I keep my ears, mind, and heart open. That’s the first order of business. After that, collaborating with the right creative partners, aligning my music with organizations of scale that are dedicated to addressing the human condition, and delivering on a sustainable economic model will serve me well.

8.Have you found that as you are starting out your career in the music industry there are aspects that have taken you completely by surprise. If so, what are they?

I love the unexpected opportunities. Someone just thinks of me or something I’ve done, then they ask me to perform for them or join their cause. That’s a blessing. I often find that it means my music resonated with them and they want to replicate the experience for someone else.

9. What is the greatest thing about working in the music industry? And what would you change if you had the opportunity?

The music industry is fast-paced and always changing. It’s the ideal work environment for me. I often wish that I had more time for my family.

10.If you could have asked anyone for advice when you were starting out. Who would you have liked to ask?
 What would you have liked to ask? What would be your answer now?

Then, I would have loved to ask Bjork to introduce me to her stylist. Now, I want Michelle Obama to introduce me to her physical trainer. Have you seen her arms? A-MA-ZIN-G!

11.From your experience in the entertainment industry what advice could you offer people looking to get where you are today?

Know God. Some people say Creative Intelligence, Providence, etc. Whatever name you use for your higher power, know it and call on it often. It will direct your creative energy.

Carve your own path with your destination clearly in mind. Know your strengths. Travel with people who are smarter than you in your areas of greatest opportunity. Join forces with folks who will have your back. Know that where I am is just a point on my unique path. I am on my own journey to a different destination. Be confident in your unique path.

Explore your varied interests. If you go are intrigued by the lights at a concert, find the light technician and ask them a couple questions. People love to talk about their work, especially the people who the spotlight overlooks. You may learn something that will change the trajectory of your life.

Find a way for your art to serve a greater good.

Be kind to people. Be kind to people. Be kind to people….Did I say, ‘be kind to people’?

12. What courses/classes would you recommend someone take if they want to be a professional in the music industry?

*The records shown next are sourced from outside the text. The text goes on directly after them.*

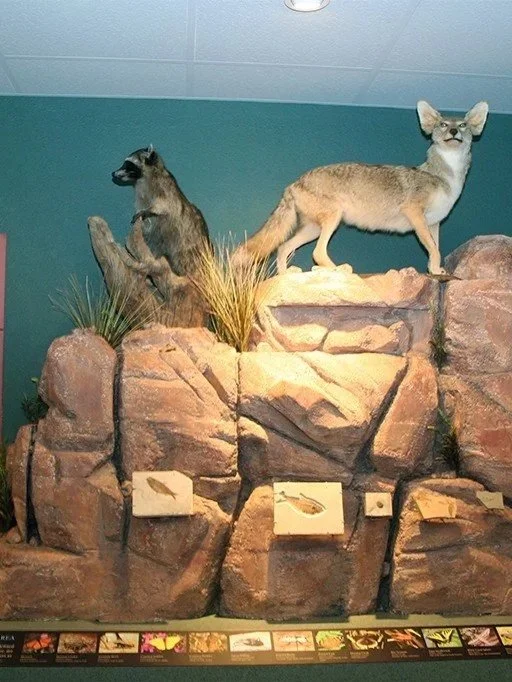 10. Lake Havasu Museum of History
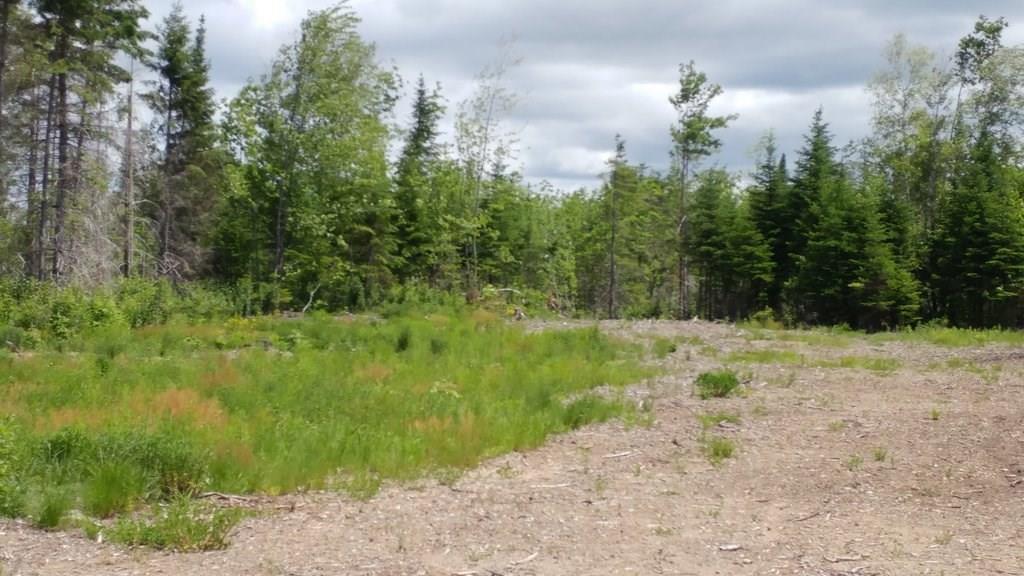 Off Jackins Settlement Road Orient, ME 04471 - Photo 20 of 25 Photo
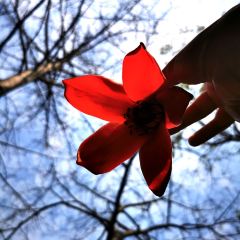 双溪茶室(南昆山店) User Photo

Education is key. Take lots of courses in communications, business management and strategy. You need to go outside and play in the dirt too. Scrape your knees up a bit. Hard knocks that come from experience will toughen you for your journey.

13.How many years were you fighting to get to where you are today and what was that time in your life like?

Before answering this question, I thought alot about some of my contemporaries who have been in the music industry for twenty years or so. I started singing in 2005 as a junior in college. At that time, I was just a student exploring a newfound interest in making music to go with the lyrics and poetry in my journal.

14.From your experience so far, what have you found to be most challenging? And how are you dealing with it?

Being away from my family has been the greatest challenge. I spend most of my time working. I am learning to balance home life with the pace of the industry. This lesson is difficult, but I am learning.

15.Share with us your proudest moment in your career so far?

My dad called me on the day I received the GRAMMY nomination. He said, “I’m proud of you…but you know what else I’m going to say.” I said, “Yep…’Carolyn, you’re only as good as your last accomplishment.’” Knowing that my family believes in me and expects me to continue my pursuit of excellence encourages me. Fruitful belonging, knowledge of self and personal accountability give me a charge.